Problem 5 (Task Classification): Consider three tasks: (a) free-space point-to-point motion, (b) wiping a table with constant normal force, (c) a peg-in-hole insertion with precise alignment and low contact force. Sketch a high-level decision logic on whether each task is more naturally formulated as a position, force, or impedance control problem.

Solution:

flowchart TD
  S["Start: choose task"] --> A["Task (a): \nfree-space motion"]
  S --> B["Task (b): \nconstant normal force on surface"]
  S --> C["Task (c): \ninsertion with alignment \nand low forces"]
  A --> A1["Use motion-centric \nposition control"]
  B --> B1["Control normal force; \nallow tangential motion"]
  C --> C1["Use compliant impedance: \nlow stiffness normal, \nprecise tangential"]
      

Task (a) is naturally a position problem. Task (b) primarily requires regulating normal force while allowing freedom in tangential motion, so a force or hybrid position/force formulation is appropriate. Task (c) requires both position accuracy (alignment) and compliant interaction (low insertion forces); an impedance formulation is most natural, with low stiffness normal to the hole axis and higher stiffness tangentially.

8. Summary

In this lesson we started from familiar robot dynamics and introduced simple contact models to formalize motion–force coupling. For a 1-DOF example, we proved that pure position control can yield large and poorly controlled contact forces, and that closed-loop properties depend on the combined robot–environment stiffness and damping.
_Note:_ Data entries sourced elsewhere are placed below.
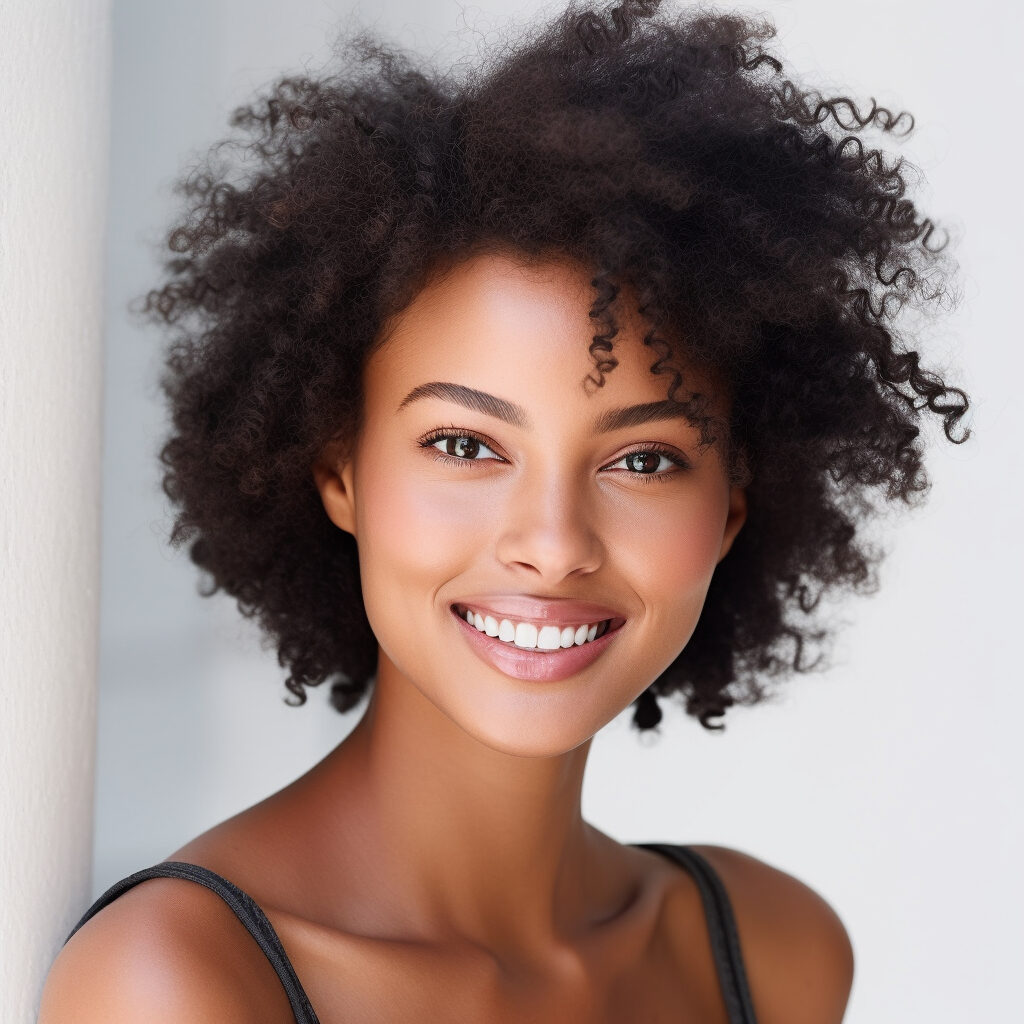 Portrait of a beautiful young black supermodel with an afro hairstyle.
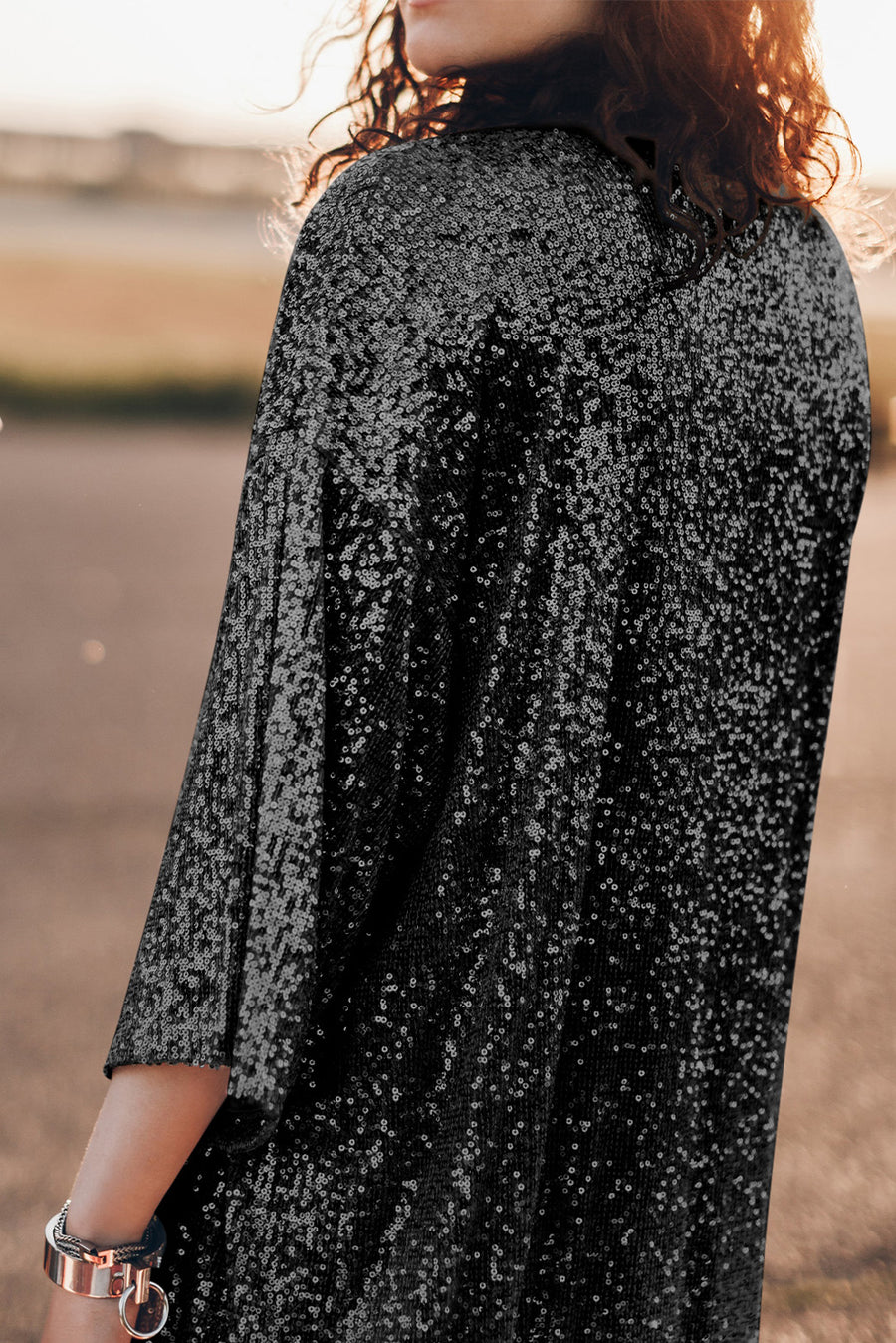 Sequin Open Front Duster Cardigan - 3IN SMART Shop  #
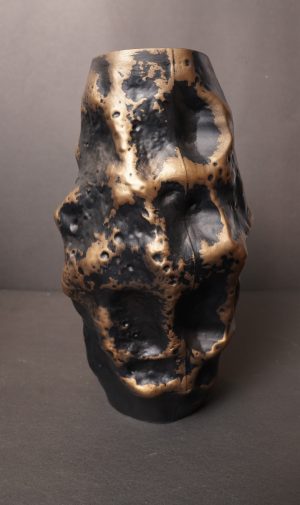 42 Black & Gold Textured Lava Vase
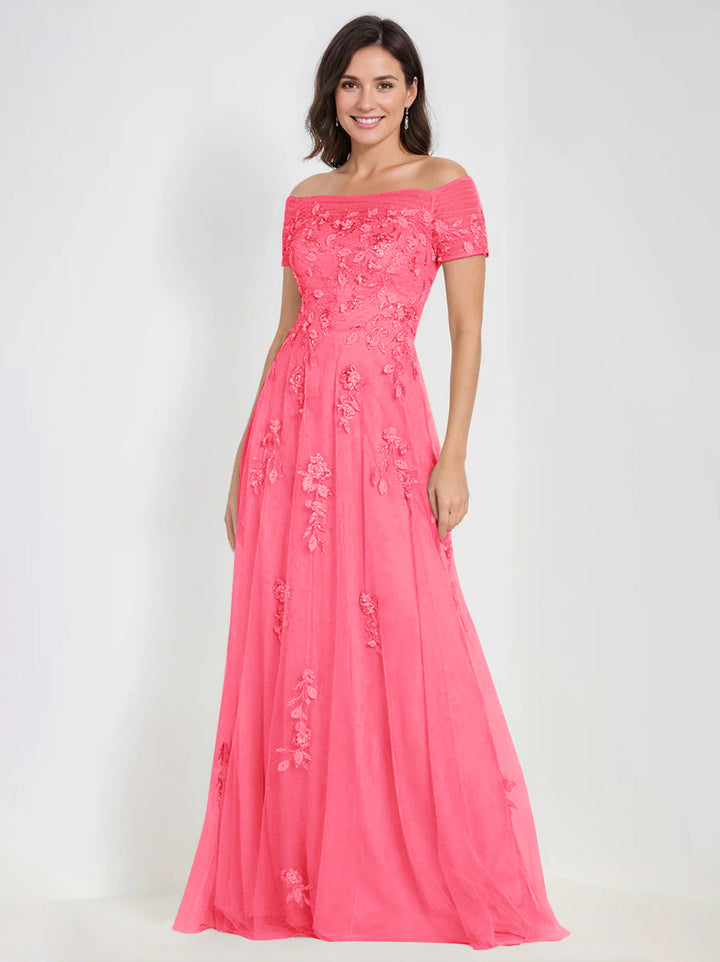 Robes de Mère de la Mariée et Du Marié Sans Manches à Épaules Dénudées et Coupe A-Line avec Appliques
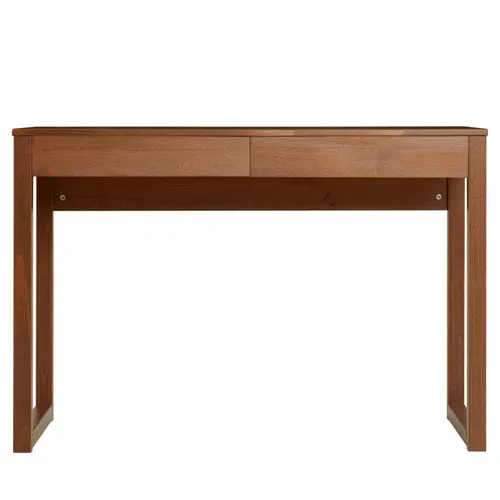Bureau Noah 2 Tiroirs, En Pin Massif Brun Foncé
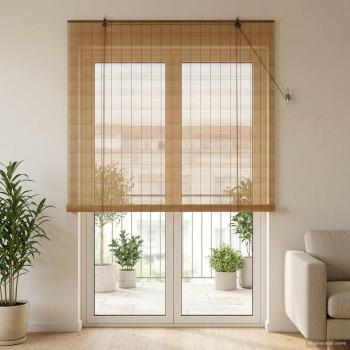 ARDEBO.de - Rollo Braun 130 x 220 cm Bambus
We defined the notion of effective interaction stiffness and showed how it emerges from the controller and environment, rather than being a directly specified design parameter. Numerical simulations in Python, C++, Java, MATLAB and Mathematica illustrated how high-gain position control leads to force spikes in stiff contact.
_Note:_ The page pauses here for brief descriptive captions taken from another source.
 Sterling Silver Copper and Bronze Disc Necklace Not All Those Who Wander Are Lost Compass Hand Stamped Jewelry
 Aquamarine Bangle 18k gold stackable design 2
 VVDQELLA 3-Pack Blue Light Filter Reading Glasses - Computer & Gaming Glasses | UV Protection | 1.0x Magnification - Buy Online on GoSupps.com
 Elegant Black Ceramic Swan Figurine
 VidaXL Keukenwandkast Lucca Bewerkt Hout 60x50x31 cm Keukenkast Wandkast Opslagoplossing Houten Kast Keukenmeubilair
These analyses provide the mathematical motivation for the force- and impedance-based control architectures studied in the remaining lessons of this chapter.

9. References

  1. Raibert, M.H., & Craig, J.J. (1981). Hybrid position/force control of manipulators. ASME Journal of Dynamic Systems, Measurement, and Control, 103(2), 126–133.
  2. Hogan, N. (1985). Impedance control: An approach to manipulation. Part I–III. ASME Journal of Dynamic Systems, Measurement, and Control, 107(1), 1–24.
  3. Salisbury, J.K. (1980). Active stiffness control of a manipulator in Cartesian coordinates. Proceedings of the 19th IEEE Conference on Decision and Control, 95–100.
  4. Khatib, O. (1987). A unified approach for motion and force control of robot manipulators: The operational space formulation. IEEE Journal of Robotics and Automation, 3(1), 43–53.
  5. Colgate, J.E., & Hogan, N. (1988). Robust control of dynamically interacting systems. International Journal of Control, 48(1), 65–88.
  6. Anderson, R.J., & Spong, M.W. (1988). Bilateral control of teleoperators with time delay. IEEE Transactions on Automatic Control, 34(5), 494–501.
  7. Seraji, H., & Colbaugh, R. (1993). Force tracking in impedance control. International Journal of Robotics Research, 12(1), 20–30.